“In a feat of razor-sharp journalism, Zimberoff asks all the right questions about Silicon Valley’s hunger for a tech-driven food system. If you, like me, suspect they’re selling the sizzle more than the steak, read Technically Food for the real story.” —Dan Barber, the chef and co-owner of Blue Hill and Blue Hill at Stone Barns
Eating a veggie burger used to mean consuming a mushy, flavorless patty that you would never confuse with a beef burger. But now products from companies like Beyond Meat, Impossible Foods, Eat Just, and others that were once fringe players in the food space are dominating the media, menus in restaurants, and the refrigerated sections of our grocery stores. With the help of scientists working in futuristic labs––making milk without cows and eggs without chickens––start-ups are creating wholly new food categories. Real food is being replaced by high-tech.
Technically Food: Inside Silicon Valley’s Mission to Change What We Eat by investigative reporter Larissa Zimberoff is the first comprehensive survey of the food companies at the forefront of this booming business.
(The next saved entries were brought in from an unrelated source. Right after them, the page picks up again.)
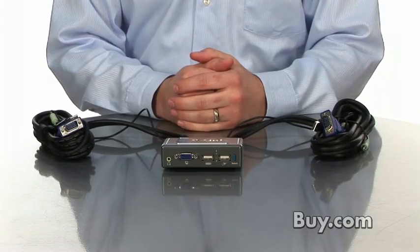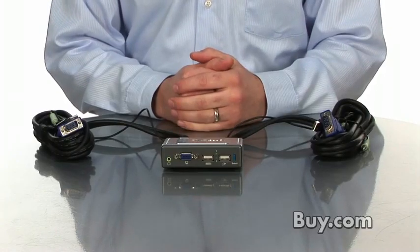Hi, I'm Dan from D-Link and I'm here today to talk about our KVM switch, the KVM 221. If you have two PCs at your home or office and you want to use a single monitor, keyboard and mouse, the KVM 221 is an ideal solution.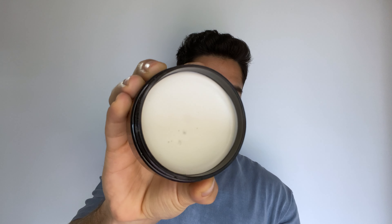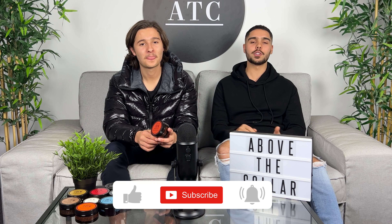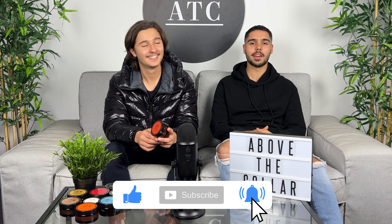American Crew Defining Paste — a bit of an underappreciated product in the American Crew range. This product is perfect for textured and defined looks. We're going to talk to you today all about it. If you love videos like this where we review styling products, be sure to like, comment and subscribe, and let's get into it.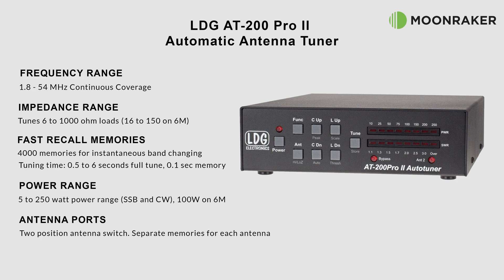The AT200 Pro 2 will also begin a tuning cycle automatically whenever the SWR exceeds a preset limit. This makes it easy to use with fewer button presses, so you can concentrate on using your radio.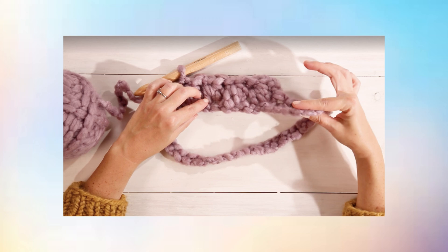Step 4: Create your bobbles. Begin by chaining two loops, then yarn over. Insert your hook into the first chain space before pulling through. Yarn over, insert hook, yarn over, and pull through — repeat three times in the same space to create your bobble.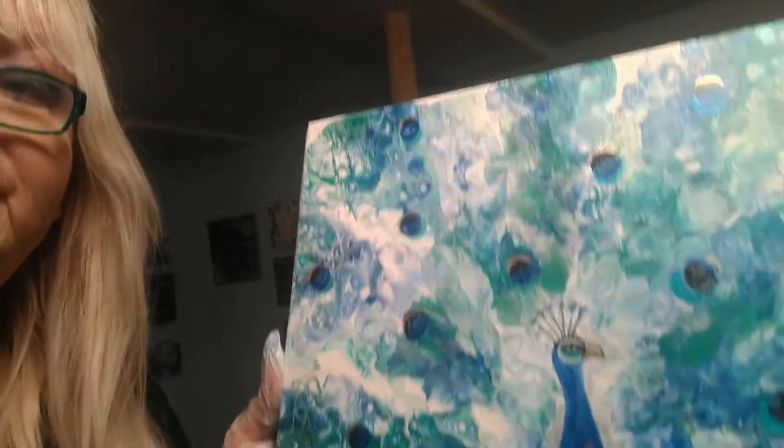Welcome back to Babe's Art Class. Today we're going to do a beautiful abstract, very colorful and energetic floral. But before we start on that, I want to show you the results of the last video I did on the beautiful peacock.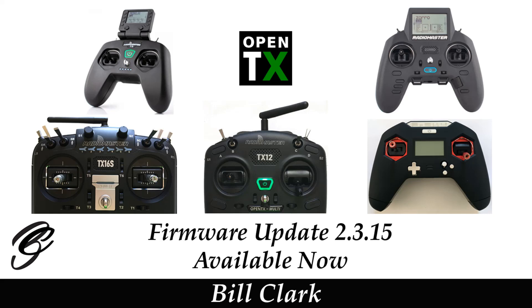Hi everyone and welcome to the channel. Before we get started, please consider subscribing to my channel and possibly becoming a Patreon. There is a new version of OpenTX now.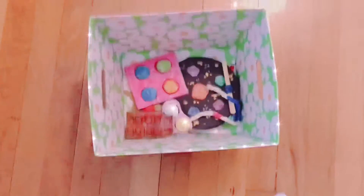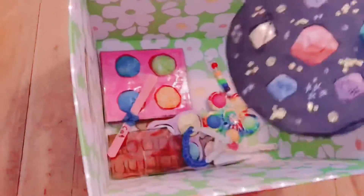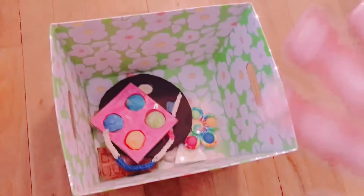And then in this container I have a bunch of random homemade fidgets, my DIY planet dimple, and some poppets, and DIYs like that. Bye!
Zimberoff pokes holes in the mania behind today’s changing food landscape to uncover the origins of these mysterious foods and demystify them. These sometimes ultraprocessed and secretly produced foods are cheered by consumers and investors because many are plant-based—often vegan—and help address societal issues like climate change, animal rights, and our planet’s dwindling natural resources. But are these products good for our personal health?
Through news-breaking revelations, Technically Food examines the trade-offs of replacing real food with technology-driven approximations. Chapters go into detail about algae, fungi, pea protein, cultured milk and eggs, upcycled foods, plant-based burgers, vertical farms, cultured meat, and marketing methods. In the final chapter Zimberoff talks to industry voices––including Dan Barber, Mark Cuban, Marion Nestle, and Paul Shapiro––to learn where they see food in 20 years.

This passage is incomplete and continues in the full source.